Records excerpted from a collection
***

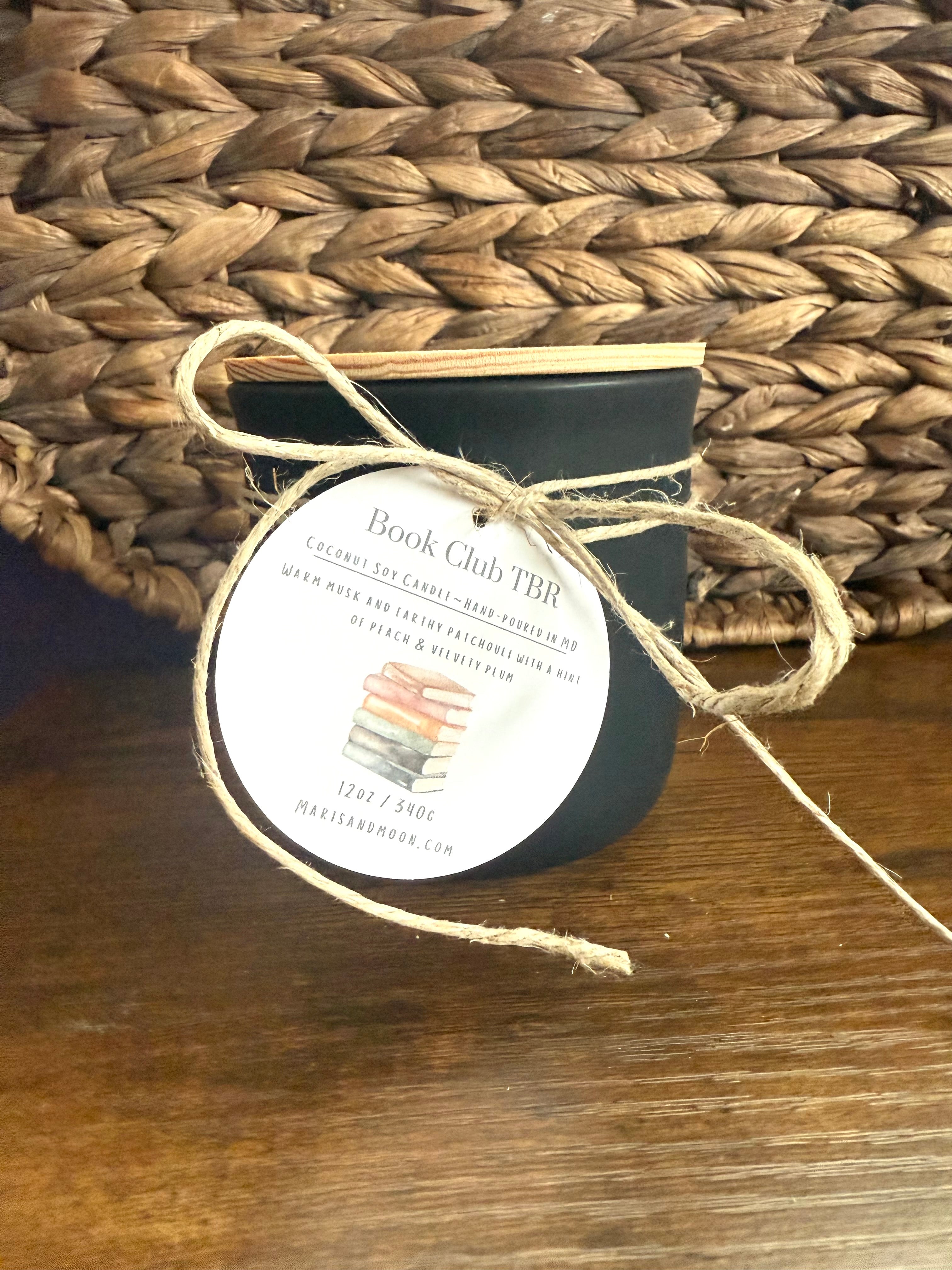 BookClub TBR  Coconut Soy Ceramic Candle Book lover
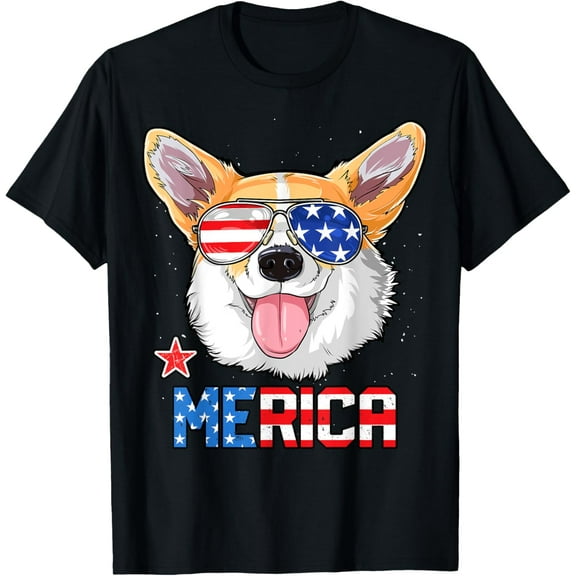 Corgi Merica 4th of July T shirt Kids Boys Girls Dog Puppy T-Shirt Tops Tee
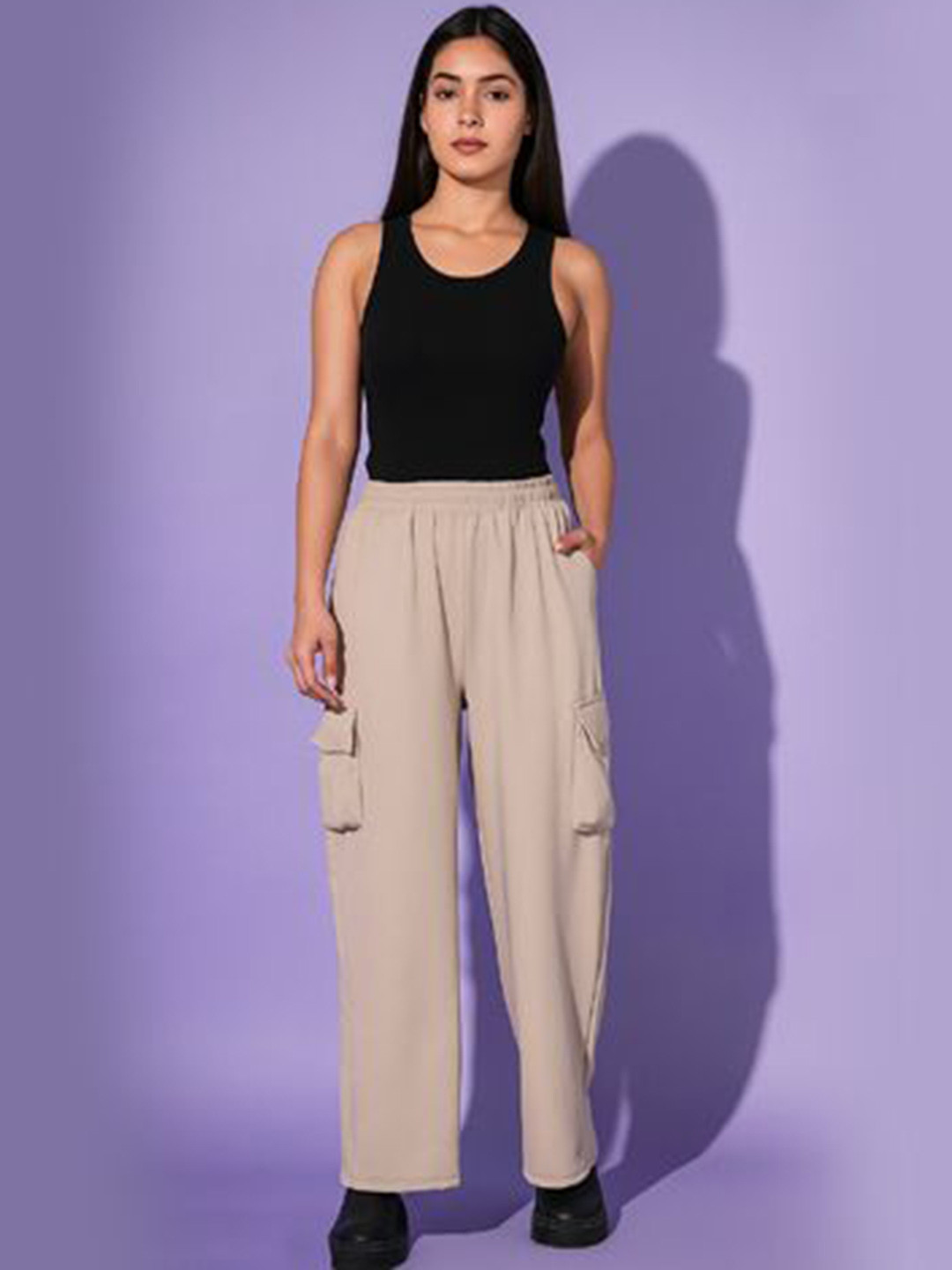 Lifetarm Women Original Mid-Rise Regular Fit Flat-Front Cargos Trousers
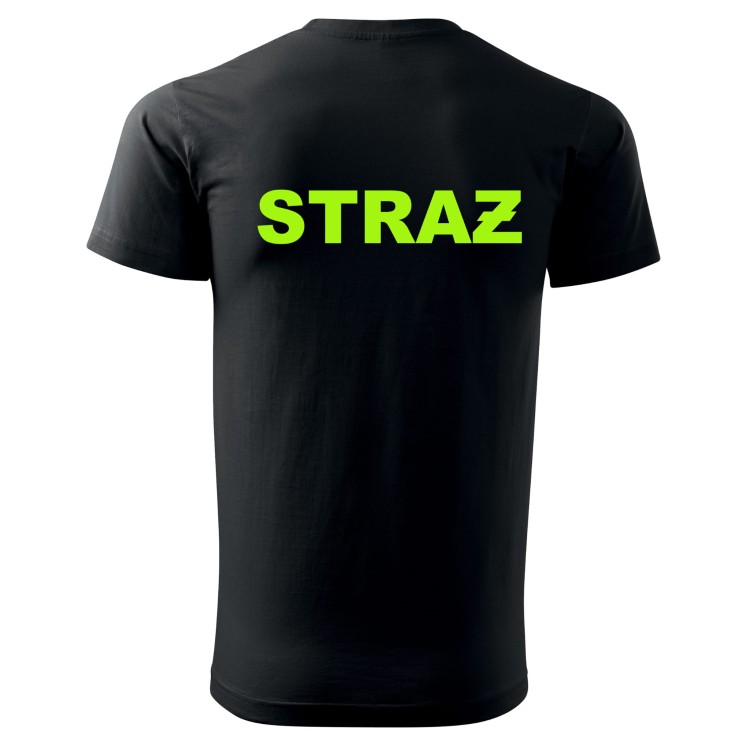 Koszulka z krótkim rękawem z logo na sercu i plecach męska NADRUK Z napisem straż 160g BASIC129 koszulka krótki rękaw kolor czarny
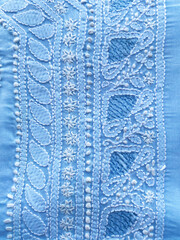 White chikankari embroidery with paisley design border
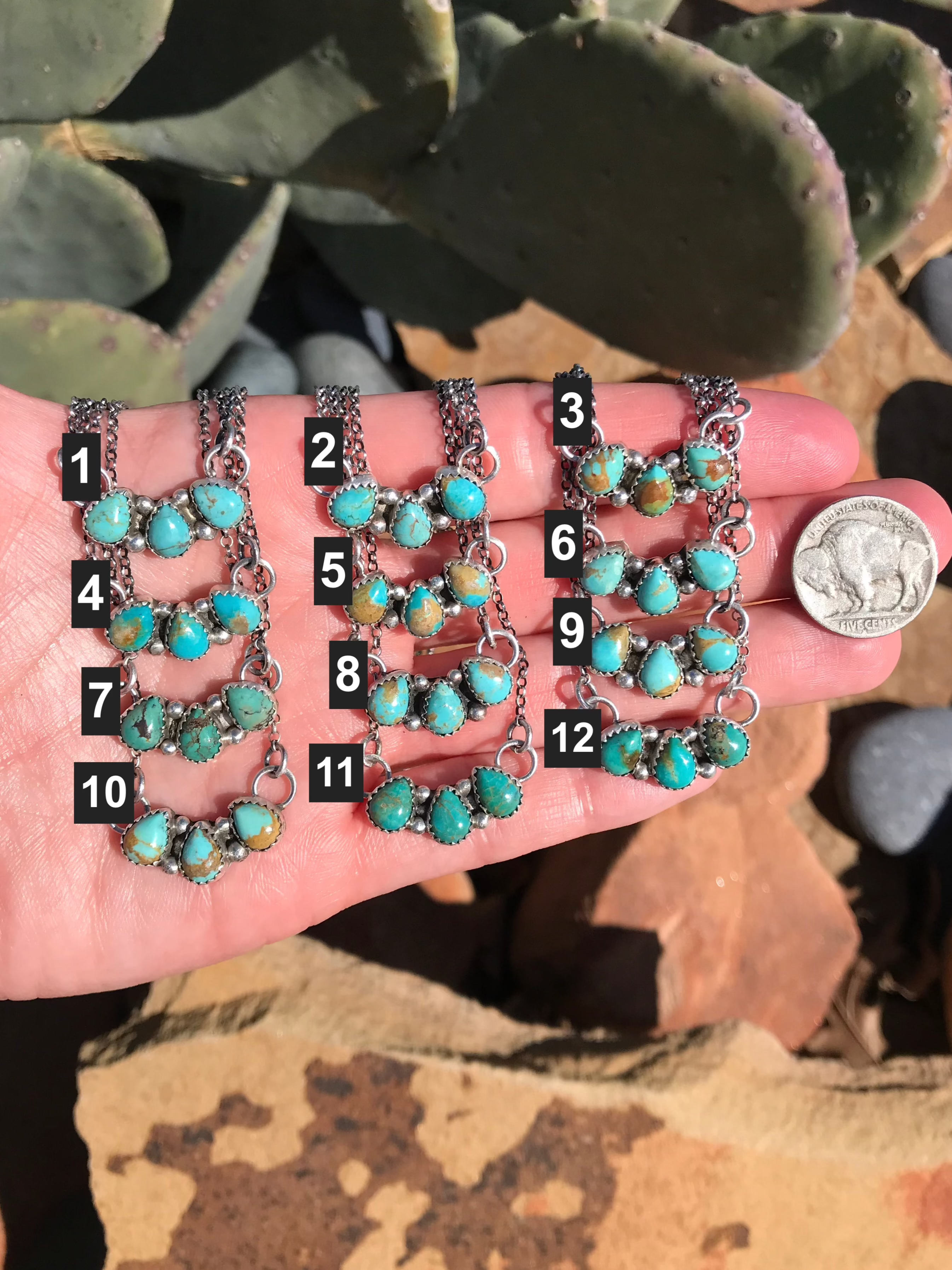 The Rexford Turquoise 3 Stone Necklaces-Necklaces-Calli Co., Turquoise and Silver Jewelry, Native American Handmade, Zuni Tribe, Navajo Tribe, Brock Texas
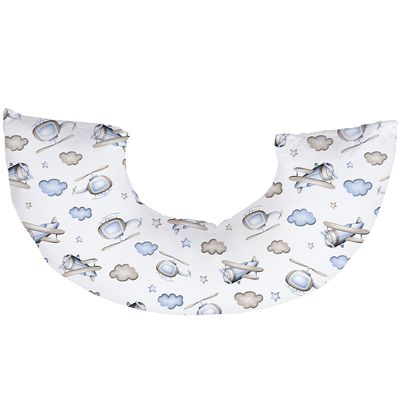 Almofada de Amamentação Tecebem Malha 100% Algodão Com Zíper Kim 45cmx85cm Azul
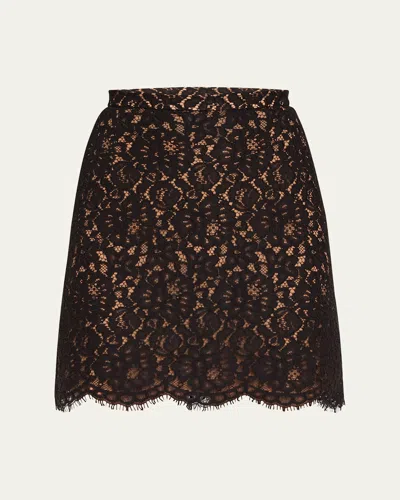 Michael Kors Lace Mini Skirt In Black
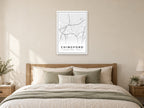 Chingford Street Map Poster at A1, as a poster, above a bed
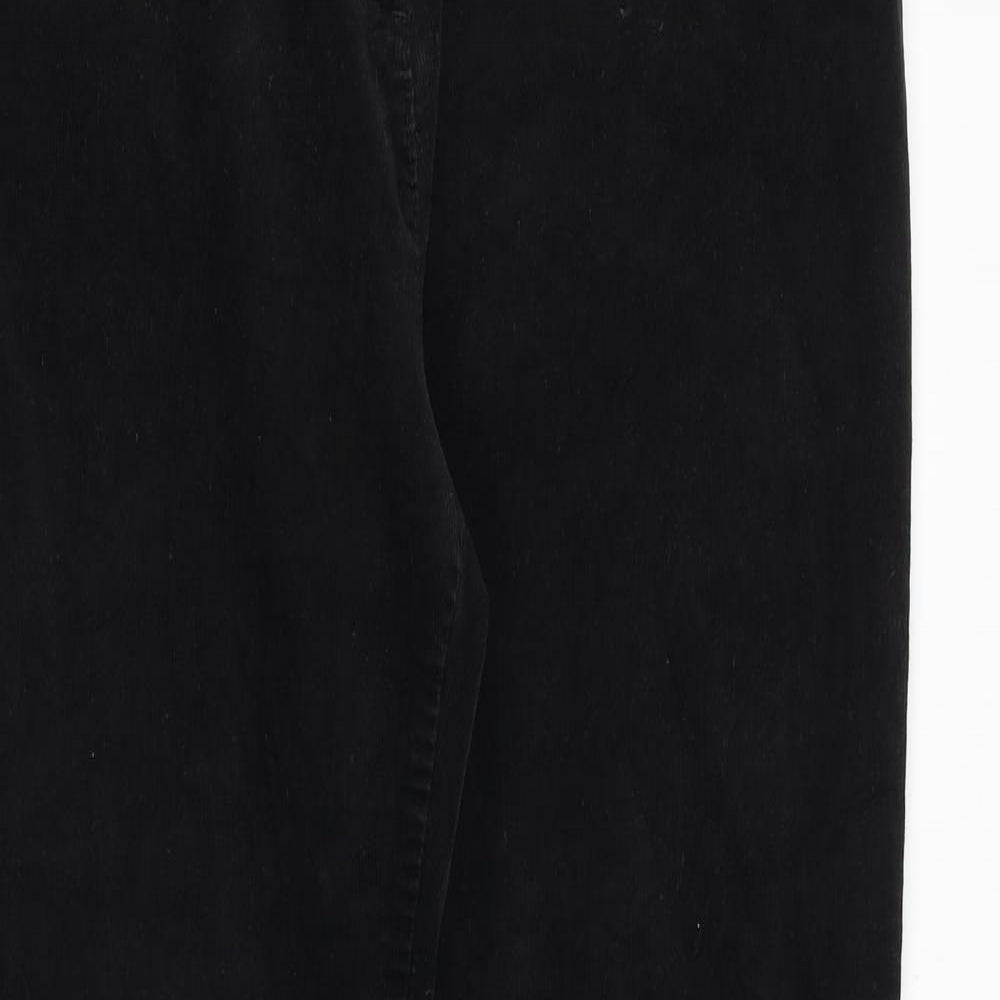 Marks and Spencer Womens Black Cotton Trousers Size 14 Regular Zip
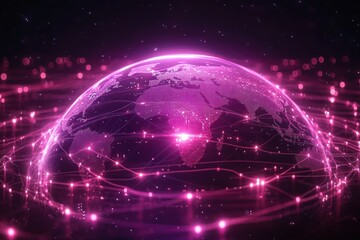 Glowing digital globe with interconnected points and network lines representing global connectivity and data exchange in vibrant pink and purple tones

***

# GOAL OF THE EXERCISE
The records above need to be reproduced exactly, with all images omitted.

# WRITTEN RESPONSE
 BookClub TBR  Coconut Soy Ceramic Candle Book lover
 Corgi Merica 4th of July T shirt Kids Boys Girls Dog Puppy T-Shirt Tops Tee
 Lifetarm Women Original Mid-Rise Regular Fit Flat-Front Cargos Trousers
 Koszulka z krótkim rękawem z logo na sercu i plecach męska NADRUK Z napisem straż 160g BASIC129 koszulka krótki rękaw kolor czarny
 White chikankari embroidery with paisley design border
 The Rexford Turquoise 3 Stone Necklaces-Necklaces-Calli Co., Turquoise and Silver Jewelry, Native American Handmade, Zuni Tribe, Navajo Tribe, Brock Texas
 Almofada de Amamentação Tecebem Malha 100% Algodão Com Zíper Kim 45cmx85cm Azul
 Michael Kors Lace Mini Skirt In Black
 Chingford Street Map Poster at A1, as a poster, above a bed
 Marks and Spencer Womens Black Cotton Trousers Size 14 Regular Zip
 Glowing digital globe with interconnected points and network lines representing global connectivity and data exchange in vibrant pink and purple tones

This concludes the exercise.